And today, man, I am on fire. On fire, that is, with at least three great ideas for books I could be writing instead of the beast that I’m trying to finish. For that project, I have no enthusiasm left. It’s as though, since it’s the ending has all been hammered out in my head, it’s already done and thus the chore of putting words on paper has become drudgery. And being an Aries, new is always better. New. Fresh. Exciting. I should be a laundry detergent commercial.

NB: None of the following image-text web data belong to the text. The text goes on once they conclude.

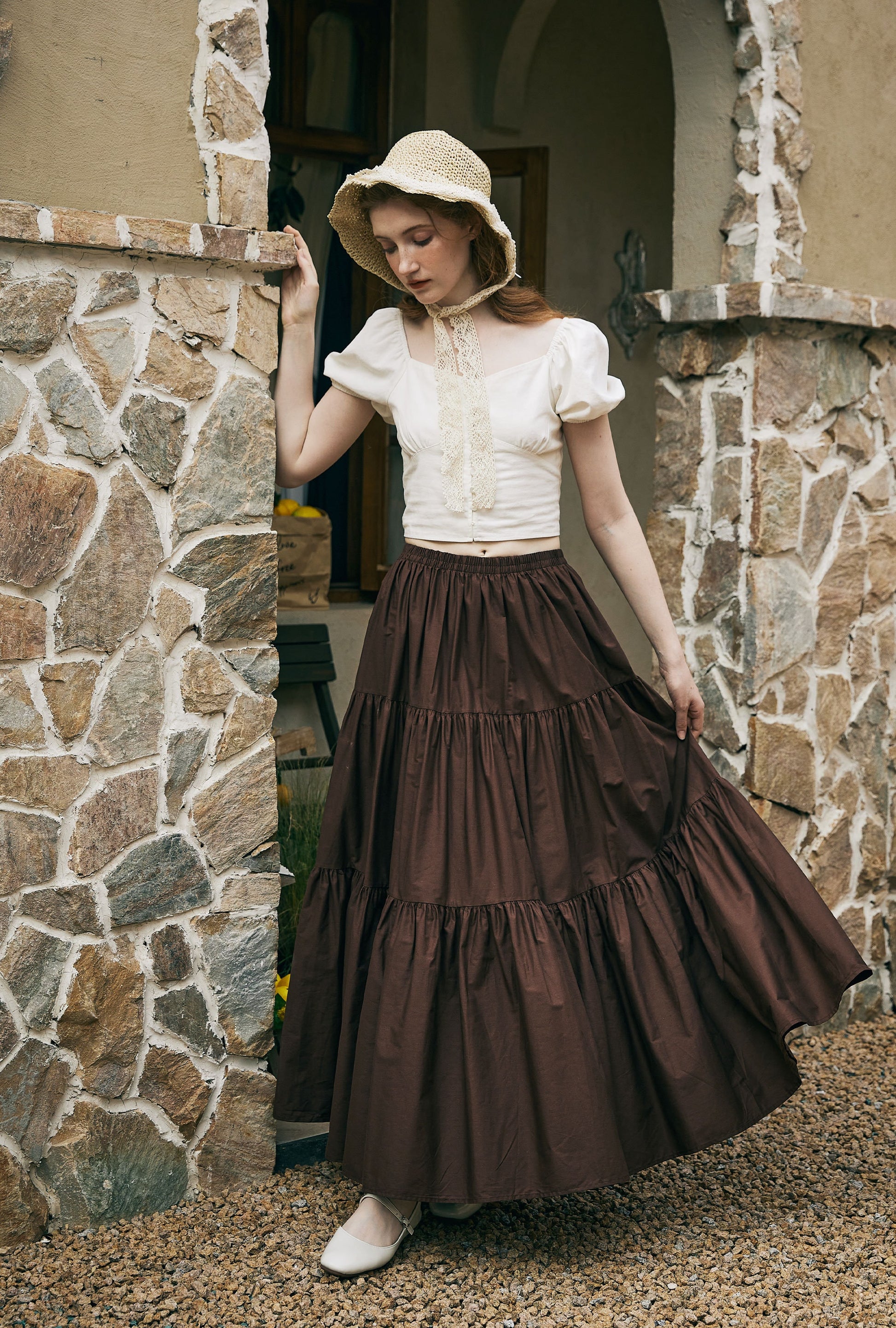 Renaissance Fair Skirt Victorian Skirt Medieval outfits Ren Faire Costume Pirate Tiered Skirt Cotton Long Skirt Full Length Peasant Skirt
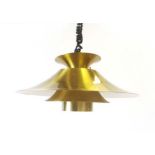 A brass coloured three-tier ceiling light in the manner of Louis Poulsen CONDITION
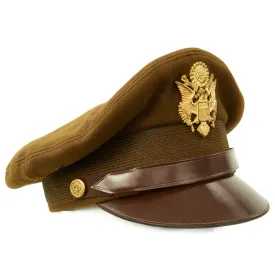 Original U.S. WWII USAAF Named Officer OD Green Crush Cap by Craddock of Kansas City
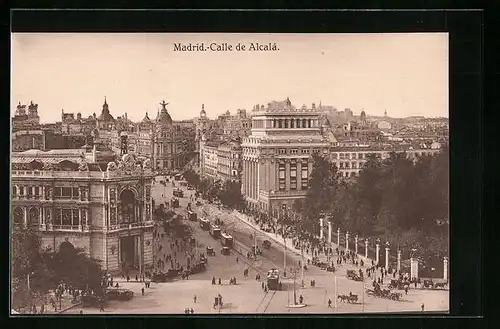 AK Madrid, Calle de Alcala, Strassenbahnen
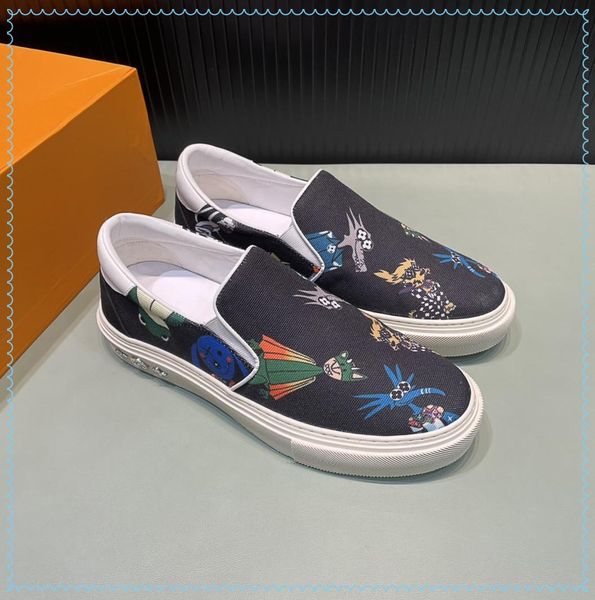 

2021ss luxury men's brand shoes canvas 3d graffiti design casual size38-45, Black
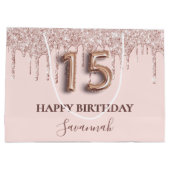 Rosa Tropfen aus Quinceanera Rose Gold Große Geschenktüte (Rückseite)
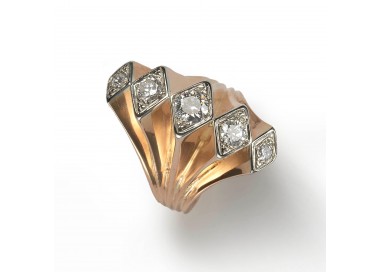 Vintage Diamond Five Row Fan Ring Gold, Circa 1940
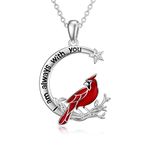 TOUPOP Cardinal Gifts for Women Sterling Silver Red Bird Cardinals Sympathy Pendant Necklace Valentines Day Jewelry for Her Wife Mom Birthday Gifts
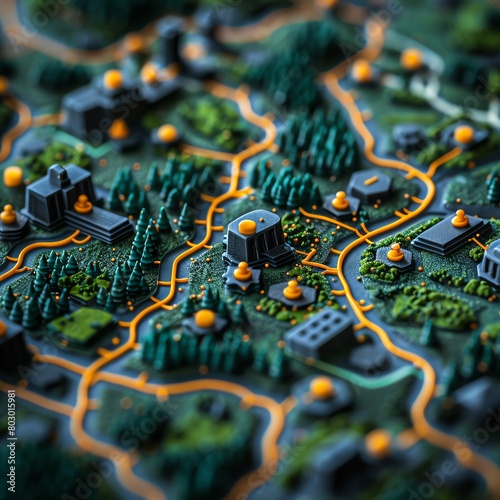 A cyberthemed map showing different paths and strategies for SEO optimization photo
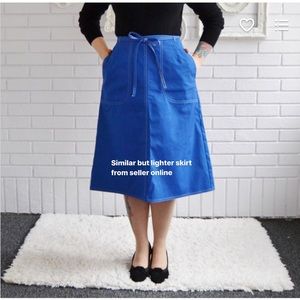 Vintage 1970s Wrap Denim Jean Pocket Skirt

All this leads me to a theory that isn’t really new, but is something I need to remember when I’m down in the writing dumps. The very act of writing itself generates creative energy. Even if I think I’m writing absolute crap, and I’m bored to tears, and I know in my very gut that I’m nothing but a hack, just the act of stringing words together, of putting energy into my fictional worlds, somehow generates enough creative juice to make my Muse sit up from Her langor on that Roman reclining couch She made me buy for my office, put aside the grapes (that She refuses to share with me), and wander over to see what I’m doing again. And bringing with her a whole slew of new and fun ideas. And while I know I have to stay focused on the work at hand (or I’d never finish anything!), I need to remember that the best way to get Her attention, to call Her back from Her self-imposed exile, is to sit my butt in my desk chair and force myself to put words on paper — no matter how much more appealing scrubbing the hard water build up off the toilets might seem at the moment. Writing begets writing. It’s just like a muscle. The more you use it, the stronger it gets.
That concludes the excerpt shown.